It was a neat paradox that this particular story broke almost exactly 50 years after Enoch Powell’s infamous ‘rivers of blood’ speech - an anniversary highlighted by the BBC’s recent controversial recital of the full text by an actor. As commented upon last week in this paper, what was interesting about the actual broadcast was the BBC’s strict adherence to the ‘official’ anti-racist ideology by interrupting Powell’s speech with critical commentary by various experts in order to undermine his case. Frankly, it was foolish to think - as claimed by some BBC critics - that a speech from 50 years ago is so dangerous that it could cause society to explode, let alone that her majesty’s broadcasting company had become a “custodian” for racism.
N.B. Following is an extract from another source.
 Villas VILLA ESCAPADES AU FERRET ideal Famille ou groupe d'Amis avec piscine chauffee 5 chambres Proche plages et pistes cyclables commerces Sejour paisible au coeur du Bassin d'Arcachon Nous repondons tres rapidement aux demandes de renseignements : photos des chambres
Anyway, as we all know, people from the Caribbean were positively encouraged to come to the UK from the late 1940s onwards to staff the national health service, work on the buses and railways, and so on. In other words, they came over not only to rebuild Britain after the destruction of World War II, but also to supply labour for the boom which began at the end of the 1940s and continued well into the 1960s. Adults had passports, obviously, but not necessarily their sons and daughters - those that did not were therefore ‘undocumented’.
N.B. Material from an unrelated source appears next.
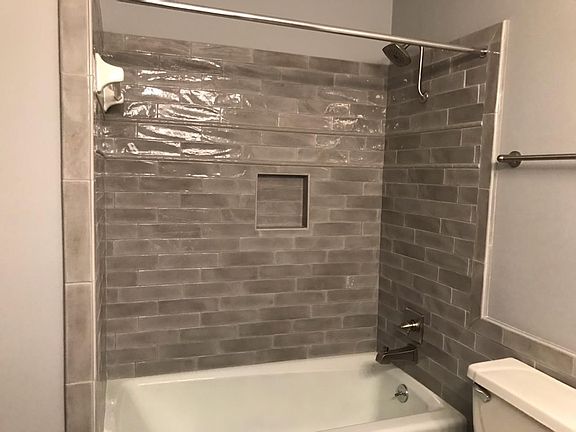 5th image of 10000 Meadowood Dr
Of course, that would not matter at all if there had not been a batch of legislation acts from 1972 onwards that increasingly put the squeeze on migrants - culminating in David Cameron’s clampdown on both European Union and non-EU migrants, which saw near endless scare stories in the rightwing press about ‘health tourism’ and how hordes of people were coming to the UK to live on benefits. No longer, said a stern Cameron: you will now have to produce documents to get employment, NHS treatment, housing benefit, etc - ‘Papers please.’

At the same time, Cameron made his absurd pledge to reduce net immigration to the “tens of thousands” - a fantasy figure plucked out of thin air that nobody serious could take seriously. And in London we had the obscene situation of the government sending out vans for a month telling migrants to “go home or face arrest” and advertising a ‘helpline’ for those who were persuaded to leave.1 After a torrent of criticism, the home secretary of the time - a certain Theresa May - eventually dumped the pilot scheme as “too much of a blunt instrument”, while Yvette Cooper, shadow secretary at the time, not entirely inaccurately accused the Tories of “using the language of the National Front”. But on the other hand, the Labour Party under Ed Miliband could not bring itself to vote against the 2014 act. To his credit Jeremy Corbyn was one of six Labour MPs who did.
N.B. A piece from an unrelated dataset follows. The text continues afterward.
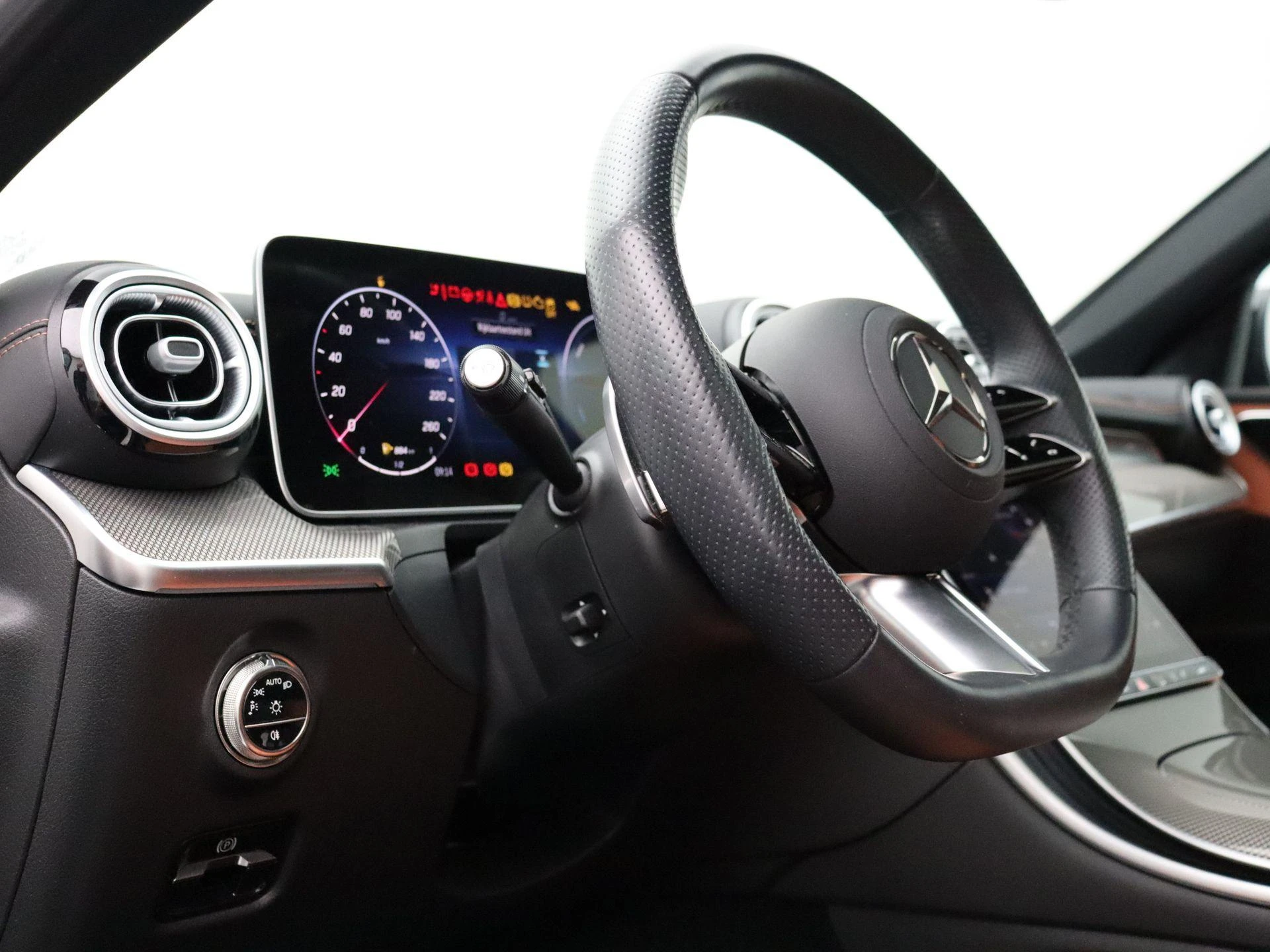 Mercedes-Benz-C-Klasse-image-12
Pathetically, and totally unconvincingly, it has been claimed that May was not responsible for the anti-immigrant vans. Nick Timothy, the prime minister’s former special advisor, and the genius responsible for her stunningly successful 2017 general election campaign, would have us believe that she intended to block the rollout of the vans, but the scheme was “revived and approved in a communications plan while she was on holiday”.2 Actually, Theresa May not only authorised the wretched vans, she wanted to toughen the messages. Thus we read in a home office email from Matthew Bligh, May’s private secretary at the time, that the home secretary believed “it is right to advertise enforcement action”, but “we should not be advertising that we will pay people to leave, which is the effect of the proposed advertisements”. Therefore “can officials consider how the material can be revised to get the messaging right and not expose the agency to criticism for giving tax payers’ money to illegal migrants?”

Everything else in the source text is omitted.